First There was SuperFerry, Then Came Super Dong
If you’re looking to take the ferry to Phu Quoc Island, some 125 kilometres off the south coast of Vietnam look no further. Super Dong is at your service. For rates and scheduling don’t google it, though. You’ll get a thousand and one websites that have nothing to do with boats. Instead, find someone who can translate Vietnamese and do a proper search at www.superdong.com.vn
Long Beach, where most of the gringo action occurs on Phu Quoc, is an uninspiring stretch of sand. The waters are warm and there’s a nice bit of wave action, but visibility is near zero. We decided to make the best of it by keeping our heads above the surface, when suddenly I felt a stabbing sensation on the bottom of my foot. It happened to me four or five times before Ellen got nailed
She lifted her foot up and there were four black and white striped needles sticking out of her foot. I pulled them out and showed them to the staff at the Paris Beach Resort. They looked at us all serious-like and started mumbling the word, nhum. We both began to envision convulsions, with thick milkshake-like foam coming from our mouths. Then Ronnie, the Australian, showed up and told us nhums were just sea urchins. Painful, but not deadly. Phu Quoc gets a thumbs down rating from us. Painful nhums and poor visibility, trumped warm and wavy.

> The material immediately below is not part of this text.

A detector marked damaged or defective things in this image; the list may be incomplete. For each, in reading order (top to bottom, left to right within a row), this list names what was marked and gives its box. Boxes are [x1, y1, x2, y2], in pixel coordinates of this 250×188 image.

Ellen and I hadn’t planned on going to Phu Quoc. We just started busing our way south, into the scenic Mekong delta and eventually came across Super Dong. To get to Rach Gia, Super Dong’s departure point at the base of the delta, it’s about six hours overland. Add two-and-half hours aboard Super Dong and you’ve killed the better part of a day. Total cost, about $25.00. We chose to fly back to Saigon with Air Mekong. For fifty bucks we got to fly on a Canadian built jet plane, and during the thirty-five minute flight they even managed to feed us.
They make a particular type called weasel or civet coffee. The coffee producers have the civets eat the beans, then I guess, follow them around field and forest until they make toilet. When the smelly beans are eventually collected, they’re given a good scrubbing, then they are dried in the sun and later given a light roasting. It is said that weasel coffee has a good nose and and is less bitter than your regular, off the shelf brands. Who da thunk it?
They also do another, untrue to the toilet, type. This one is simulated, whereby they apply synthetic enzymes to the production. This creates an effect similar to the old fashioned in-one-end-out the-other method.
Ellen and I are back in Saigon now. Yesterday we went on a weasel coffee search. We found that the real thing is available at $750.00 for a 250 gram bag. The collectors aren’t able to gather more than 50 kilograms of the poo beans per year, hence the hefty price tag. We did buy a bag of the ersatz one and I can hardly wait to try a cup. I know it’s not real, but I’d still like to give it another good wash first. I’m not sure how to go about that though, it’s already been ground.